Praxis-VLM: Vision-Grounded Decision Making via Text-Driven Reinforcement Learning
Zhe Hu, Jing Li, Zhongzhu Pu, Hou Pong Chan, Yu Yin
TL;DR
The paper tackles how vision-language models can achieve robust vision-grounded decision-making by decoupling reasoning from perception and learning it from language alone. It introduces Praxis-VLM, which trains a reasoning policy on a text-only decision-making corpus using Group Relative Policy Optimization with a multi-stage adaptive reward, then transfers the learned reasoning to multimodal inference. Empirical results across VIVA, PCA-Bench, and EgoNormia show Praxis-VLM outperforms vanilla VLMs and SFT baselines, with strong generalization to out-of-domain scenarios and clear explicit-reasoning behavior.

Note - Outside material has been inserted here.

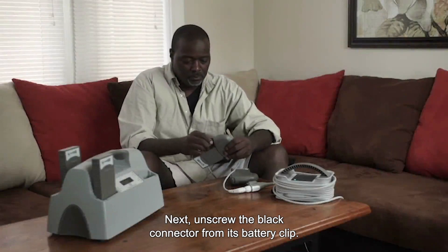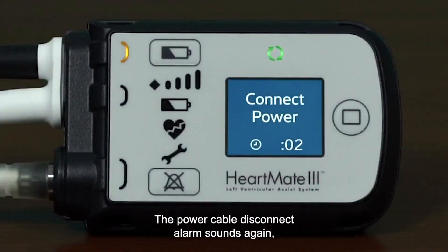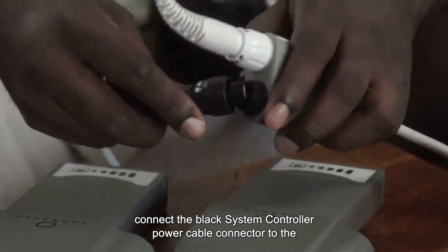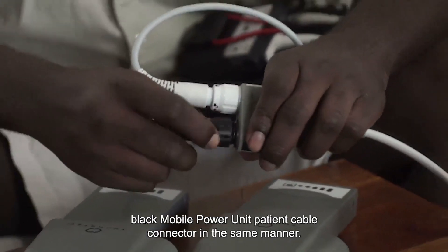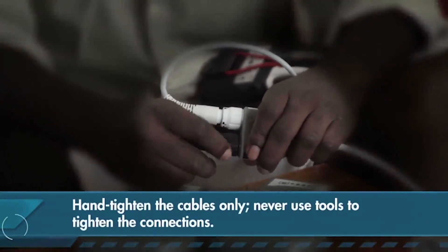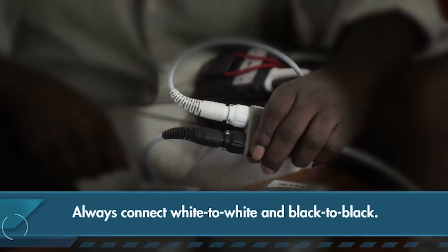Next, unscrew the black connector from its battery clip. The power cable disconnect alarm sounds again. Connect the black system controller power cable connector to the black mobile power unit patient cable connector in the same manner. Hand tighten the cables only — never use tools to tighten the connections. Always connect white to white and black to black.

This work offers a data-efficient pathway for constructing generalizable decision-making capabilities in embodied AI, leveraging language to instill transferable reasoning that can be grounded in vision at inference time.
Abstract
Vision Language Models exhibit impressive performance for various tasks, yet they often lack the sophisticated situational reasoning required for complex decision-making. This paper shows that VLMs can achieve surprisingly strong decision-making performance when visual scenes are replaced by textual descriptions, suggesting foundational reasoning can be effectively learned from language. Motivated by this insight, we propose Praxis-VLM, a reasoning VLM for vision-grounded decision-making. Praxis-VLM employs the GRPO algorithm on textual scenarios to instill robust reasoning capabilities, where models learn to evaluate actions and their consequences. These reasoning skills, acquired purely from text, successfully transfer to multimodal inference with visual inputs, significantly reducing reliance on scarce paired image-text training data. Experiments across diverse decision-making benchmarks demonstrate that Praxis-VLM substantially outperforms standard supervised fine-tuning, exhibiting superior performance and generalizability. Further analysis confirms that our models engage in explicit and effective reasoning, underpinning their enhanced performance and adaptability.